La frase es, sin duda, un argumento de peso contra los homenajes en vida. La coronación de que fue objeto parecía no dejarle lugar en el mundo al homenajeado...

jueves, 5 de enero de 2012

Estreno en la vida pública.

Por el año 1850 nos encontramos al joven José Rafael colaborando en El Día y El Filotémico, órgano de la Sociedad Filotémica, de orientación conservadora, con el seudónimo de Faraelio. Parece que los socios estuvieron complicados en un levantamiento contra López en el 51, pero sin llegar a ser de peligro para el gobierno legítimo. Ello fue que participaron de la revuelta hasta que un grupo de estudiantes del Rosario los redujo a prisión.
Luego de los hechos, que hablan de una militancia de los jóvenes desconocida hoy día, Pombo vuelve a sus ocupaciones literarias traduciendo a Byron y a publicarlas en el semanario que fundó con Vergara, La Siesta.
No podemos dejar de notar que, poco después, en el 54, el sr. Pombo ha de formar en las filas de la legitimidad contra el dictador Melo. Actuó, en efecto, en la batalla de Bosa y en la toma de Bogotá; en retribución de sus servicios será enviado como secretario de Herrán a la legación en Nueva York.

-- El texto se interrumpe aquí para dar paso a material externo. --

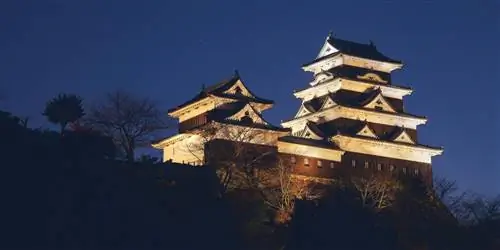 Некоторые из древних замков Японии открываются для ночлега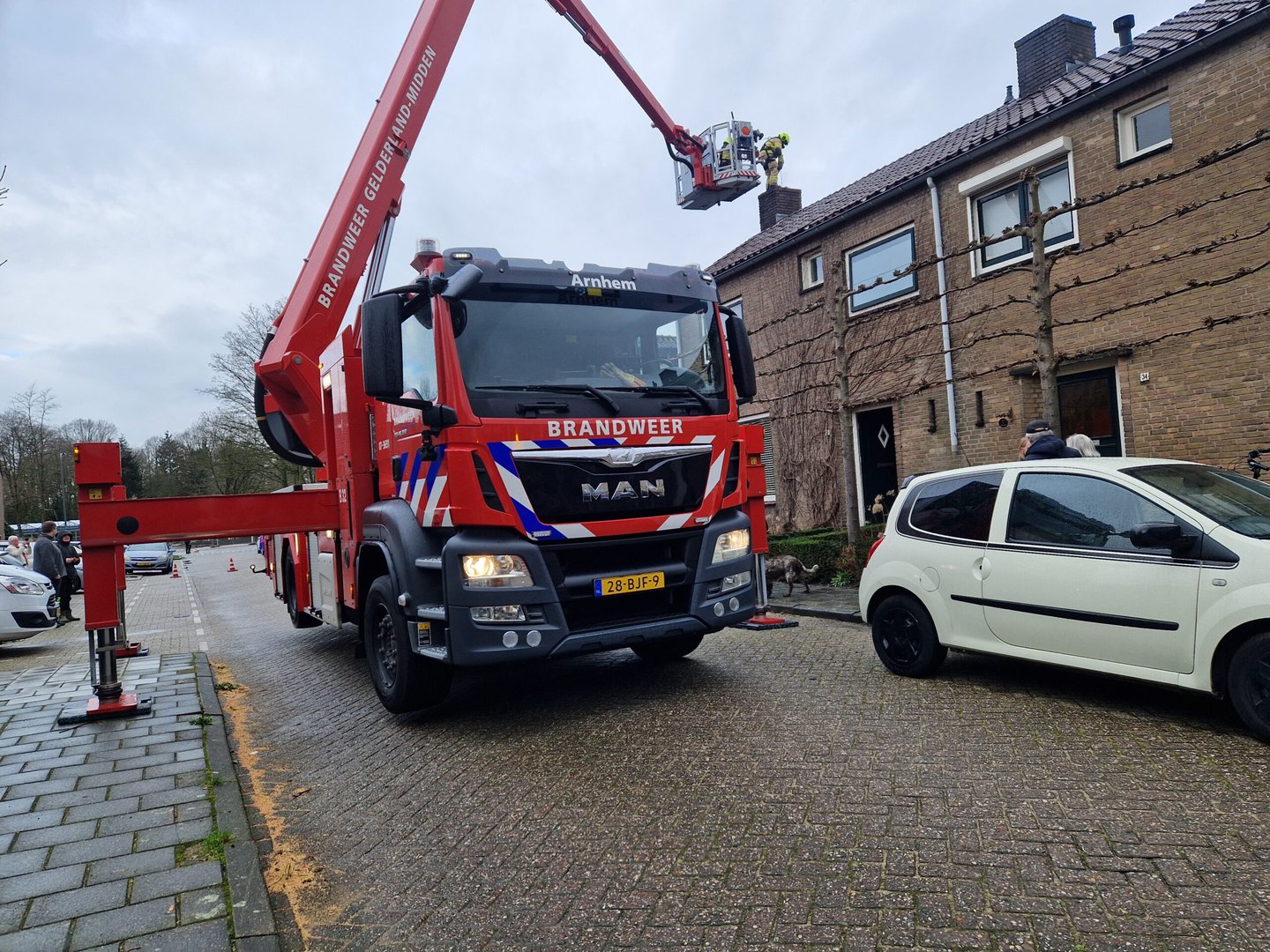 Brandweer rukt uit voor schoorsteenbrand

miércoles, 4 de enero de 2012

Primeros tanteos poéticos.

El profesor Héctor Orjuela, de cuyas obras ya hemos extractado, redactó una biografía del sr. Pombo como tesis doctoral, que luego refundió con el título Edda la bogotana. De ésta sacamos noticias sobre los principios de la actividad poética del poeta.
Haba Pombo. “En 1843 ya hice composiciones que tuviesen alguna forma, i todas ellas, hasta 1845, fueron de un gusto enteramente frío tomado de Lope de Vega i Jáuregui. Lo que sí arreglé desde que aprendí a leer fue el oído prosódico, i tal vez nunca me quedó un verso largo o corto en demasía i sin disculpa”.
No obstante la afirmación, los primeros versos que se hallan en el archivo de Gómez Restrepo son de 1846 y 47.
Entre los primeros cabe mencionar un Epitafio a la tumba del general Domingo Caicedo, muerto en 1843. Según dato autobiográfico, “en 1845, aplicado a la lectura de Zorrilla, Hartzenbusch, Maitín i otros, hize ya versos que fuesen tolerables; iba tomando un gusto más sentimental como lo muestran... (aquí cita poesías que no se conservan)”.
Entonces principió la compilación de poesías propias y traducidas del latín, francés e inglés, bajo el título Panteón literario... Bogotá, 1845. Obrita homóloga es una selección poética de autores españoles, colegida el mismo año, con el título Álbum poético de J. R. Pombo, tomo I.  
De las producciones de esos años solo puede leerse en la edición oficial (de Gómez Restrepo, 1916) el canto Ayacucho, de diciembre del 46. Parece dominado el joven Pombo por el tema patriótico, como se deja ver por obras contemporáneas a la estatua del Libertador, inaugurada en el 46, y un himno que puede citarse entre los precedentes del Himno nacional. De sus cuadernos de muchacho también aparece el nombre de su primera musa: Célida. Amor y patria, pues, están en los principios de la obra poética del sr. Pombo.